Time Series usage

replication
sql

(Q Pike) #1

I’m curious how cockroachdb’s performance would be for time series data? We are currently looking at Elastic and InfluxDB but rather use cockroachdb if possible.

We need to be able to store billions of datapoints down to the millisecond accuracy ( Finance/Stock Data ). How would it be able to handle this amount of data and running queries on it, and what is the throughput of writes. We would be writing about 10-30k points/second.

Thanks!


(Diana Hsieh) #2

Thanks for your question, @qrpike. As you might already suspect, we aren’t built to optimize for time series use cases. We are still working on testing our performance, although you should be able to achieve 10-30k points / second depending on how many nodes you have and what deployment you decide on. The issue with time series right now is that you will need to use something other than just the timestamp as the primary key so that you can shard your inserts across multiple nodes and thereby increase performance. For queries, that depends on what you’re thinking of doing - simple selects / single row writes / transactions / joins?

Re ms accuracy - could you provide more detail on what you mean by that?


(Drasko DRASKOVIC) #3

@dianasaur323 and @qrpike - do you have any updates on this subject? We from Mainflux project (https://github.com/Mainflux/mainflux) are strongly considering switching completely to CockroachDB.

While we have no doubts for resource storage, we are wondering if the messaging DB (currently InfluxDB) can be replaced and with which consequences. Actually, in Mainflux architecture messages are sent to NATS broker, and a worker behind the broker is getting them as the events and writing them in the DB. Messages come from sensors, and in IoT deployments of the future we are talking about millions and millions of sensors, so messaging might be intensive.

So, do you have the latest performance benchmarks to share, especially ones that can be interesting from this time-series IoT aspect?


(Diana Hsieh) #4

@drasko We don’t have any performance benchmarks yet - we are currently building out the infrastructure internally, and this is a core focus for us before our next release. We aren’t optimized for time-series / heavy write workloads, but I would suggest testing things out to see if they meet your needs? You can check out our loadgen repo for the load generators we have written to test CockroachDB performance / stability.


(Drasko DRASKOVIC) #5

@dianasaur323 thanks. We will be switching Mainflux to CockroachDB in the next few days and then give it a test.


#6

As a first experiment in using cockroach in a production but not critical role I am also interested in how well it might suite time series data. So I found this thread and wondered what results people may have come up with since January and what techniques they used.

Firstly I must say I am a database/SQL novice so even the most basic advice would be welcome.

My idea of time-series is simply series of records containing a series name/ID, a timestamp and a value. There may be a lot of inserts going on but never any updates. Reads would query a range of records for one or more series between given times.

Naively one might simply create a table of such rows and start inserting records. Before I even do that I’m sure it would be terribly slow.
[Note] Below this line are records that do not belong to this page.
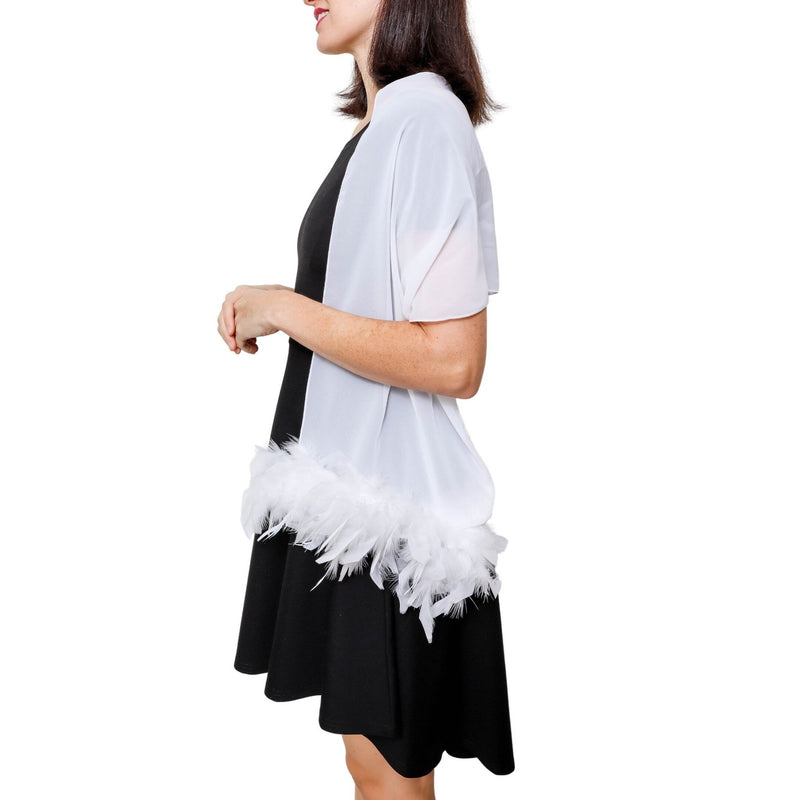 White Sheer Shawl with Real Feathers on Both Ends Formal Wrap Stole Shrug Cape Wedding Bridal Prom Party
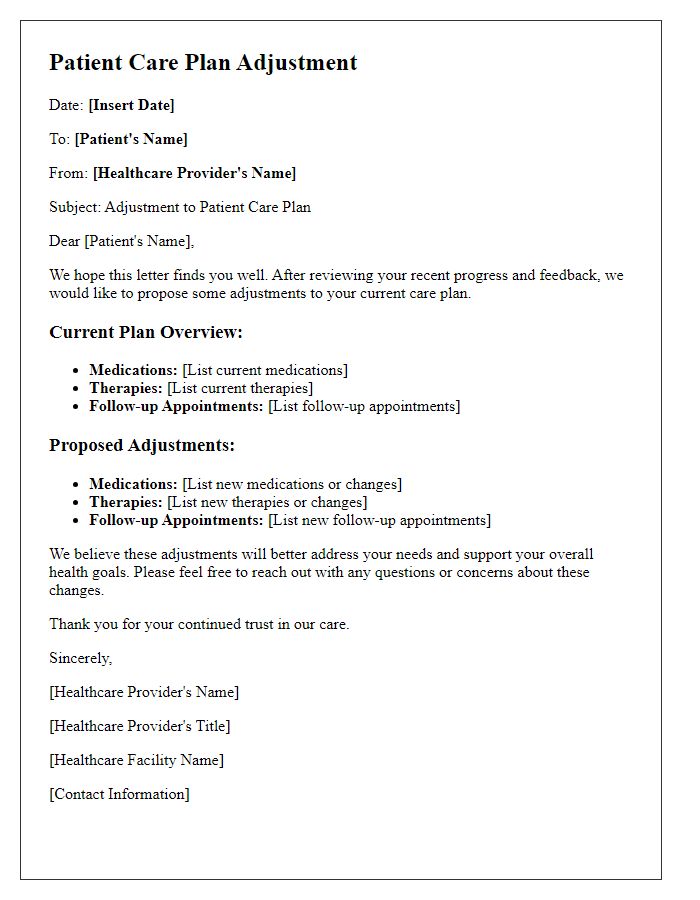 Letter template of patient care plan adjustment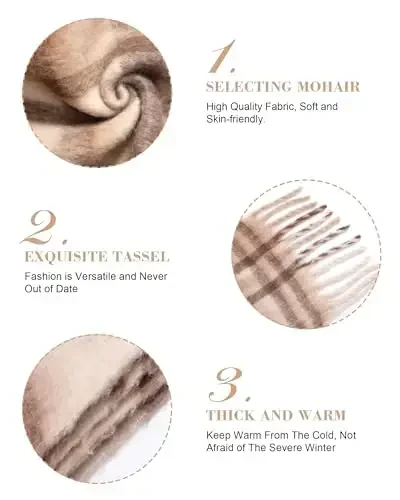 Ymomode Women's Fall Winter Scarf Scarves for Women Gifts Plaid Blanket Scarf Soft Chunky Large Blanket - MODAZONE (1)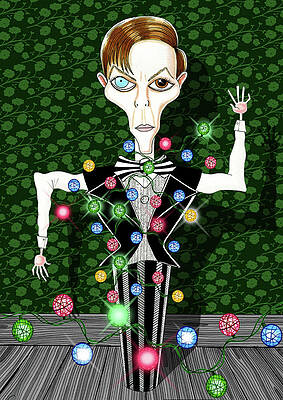 Wall Art - Drawing - Bowie Christmas Tree  by Andrew Hitchen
What with all those round trips to the three nodes in my cluster.

Looking around the net I find quite a lot of discussion of using SQL as a time-series database. Ways to optimize it. Most of them seem to use specific features of particular databases, MySQL, postgresql, etc. More importantly they seem to be tuned to the ways those db’s work under the hood. I imagine such tuning would be somewhat different for Cockroach.

My simple mind has understood a few simple optimizations:

  1. Batch up writes and do bulk inserts of many rows at a time. One row per value.

  2. Batch up writes and put many values into arrays. One row can then hold many values.

  3. Batch up writes and put them into vectors. As above. I don’t think Cockroach has vectors.

  4. People do odd things like use a different table for each series. Or generally partition things in other ways.

I did not understand dianasaur323 statement above: “The issue with time series right now is that you will need to use something other than just the timestamp as the primary key so that you can shard your inserts across multiple nodes and thereby increase performance.”

Surely cockroach is doing it’s own sharding and replication under the hood? What would be a good primary key? I was just going to use the series ID and timestamp.

Any advice welcome. Something simple to get me started for now.


(dan) #7

@heater As mentioned above, CockroachDB is not designed for timeseries
data, which generally requires a very specific set of tradeoffs that aren’t
relevant to other workloads. This is why timeseries dbs tend to be very
specifically just for that one thing. That said you can certainly try to
use CockroachDB for this and report back, it’s obviously a use many people
consider us for. There’s a benefit to using one DB for everything.

I’d expect that a primary key of (series_id, timestamp) would be best.
CockroachDB splits the data it contains into ranges (which are the smallest
thing we use to redistribute load) sorted by primary key. Which means that
if you have series_id before timestamp (and once the dataset gets big
enough), each series will be writing to its own range.

Additionally, each row in a table corresponds to one key-value pair in our
underlying kv layer (which our SQL impl is built on top of). There’s some
overhead to each batch of inserts and to each kv, so your points (1) and
(2) are likely to help in CockroachDB as well. Our support for arrays is
new, so I’d try it love to hear how it compares with and without arrays.
(4) isn’t needed as it’s handled automatically for you if the primary key
is as I described above.

Good luck and please do follow up with any more questions/your results.


#8

Thanks dan,

I quite appreciate that cockroach is not designed for time-series. I would never have suspected that any SQL database was. But I was inspired by examples of people having good luck with SQL and time-series. Even if it meant bending things and losing all the generality of SQL along the way. I think storing in arrays/vectors is such a “bending”.

Anyway. I have decided to start with the most naive approach to this. One time series sample, one insert.

I’d like to see how it goes. As an SQL novice doing the most simple thing I managed to find a rather serious bug in cockroach already :slight_smile:

And it’s a baseline from which to measure any optimizations like using arrays or whatever.

Thanks.


(Charl) #9

@heater would you mind sharing your findings with using CockroachDB as a time series store?


#10

@heater Did you find success with your time series implementation? We are also considering using CRDB and implementing a time series data set.


#11

I did not get as far along the road of time series experiments as I would have liked.

I do have a 3 roach cluster logging about 4 records per minute, only an ID, a time stamp and a value which has been running since November and is now up to 1.2 million rows. Not much of an exercise but it works well.

Soon I might have much bigger demands, we will see.